He ghosted me but he still watches my stories, why?
- Jade Isabelle Wright
- Jul 18, 2024
- 3 min read

We went on four dates over three weeks and text most days, things seemed to be going really well but then suddenly he ghosted. My last reply was left on read and as the days passed I realised this wasn’t just a blip, he was gone. I was seriously confused by this but I wasn’t going to chase him for answers. To be honest I sort of miss him, it was a good connection and I thought it had potential. Over the past few days he has started watching all of my stories on insta, but he hasn’t spoken at all. I don’t get it, he’s often the first to watch them, why would he watch my stories if he isn’t interested?
Why do guys do this? Does it mean anything?
This is another one of those modern day dating issues that really confuses women and leaves them questioning the behaviours of men. So let’s cut through some of that confusion today.

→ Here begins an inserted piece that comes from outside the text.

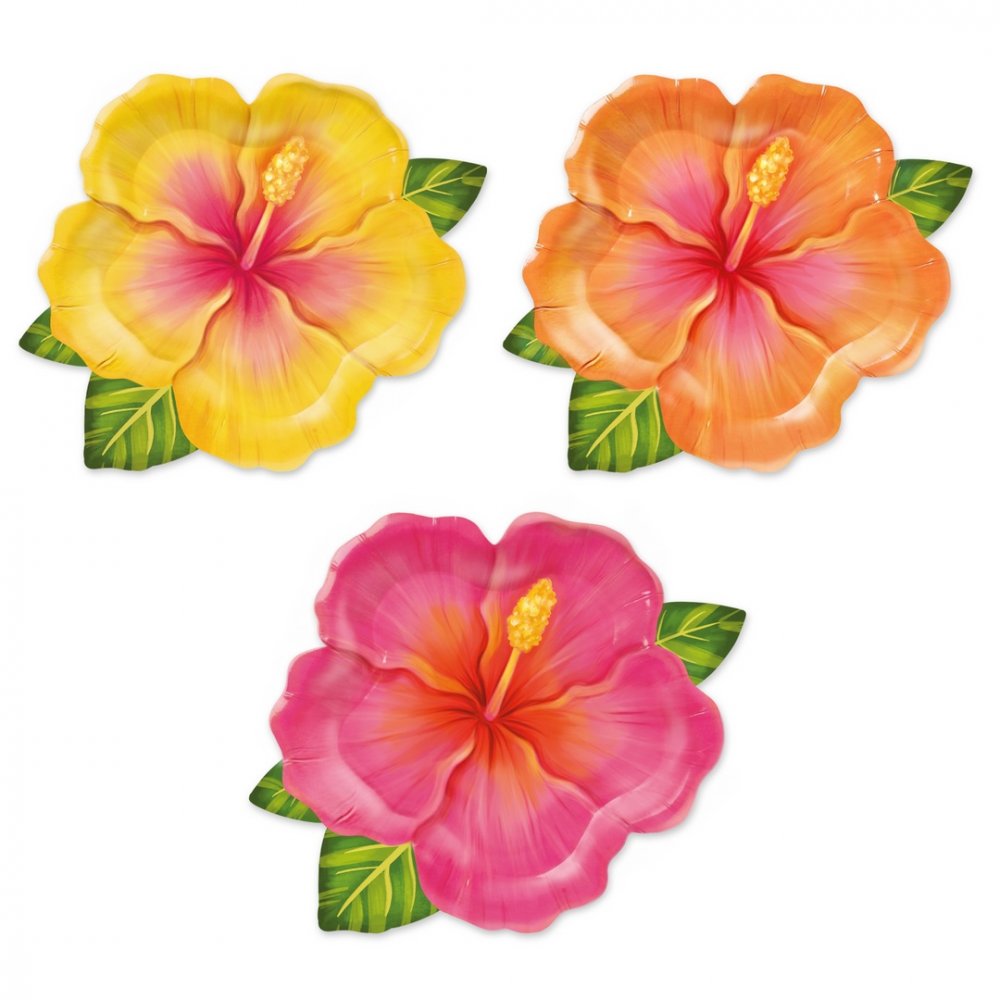 Papptallerkener - Aloha - 22 cm - 6-pakning - Glass, Borddekking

There are a few main reason guys do this:
He doubts his decision
It’s possible he still has some kind of curiosity about you and isn’t totally convinced in his decision to remove himself from the connection. Perhaps he wants to return but fears that his actions have annoyed or angered you.
I don’t believe that men always make a conscious decision to ghost or pull back, although sometimes they do, this could be due to not knowing how to articulate something, his intimacy cycle or other things going on in his life.

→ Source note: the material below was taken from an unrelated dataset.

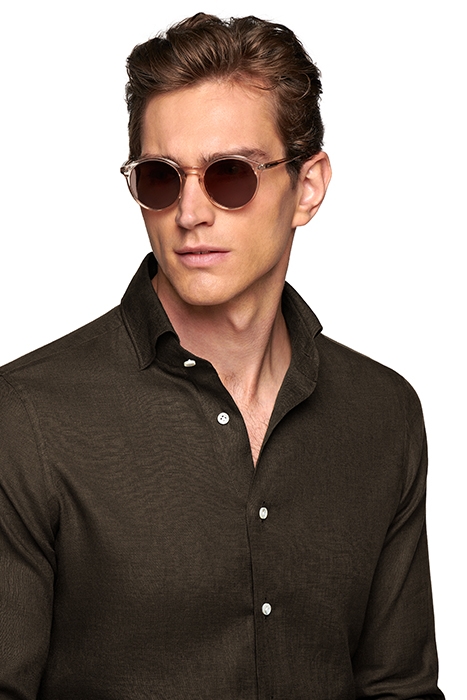 BROWN SLIM FIT SHIRT BROWN 4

Even if he did make the decision consciously, it may have been rash or ill thought out and so he’s not totally convinced it was the right call and there’s something about you that still intrigues him.
2. He’s just passively watching all stories

Sometimes it’s just not deep I’m afraid, he may be letting all stories run through, including yours. Without putting a whole lot of thought into it. A lot of men don’t consider blocking or unfollowing someone they know or even dated unless there was active hostility. Watching people’s stories can be like the modern day equivalent of curtain twitching, some people are just nosy.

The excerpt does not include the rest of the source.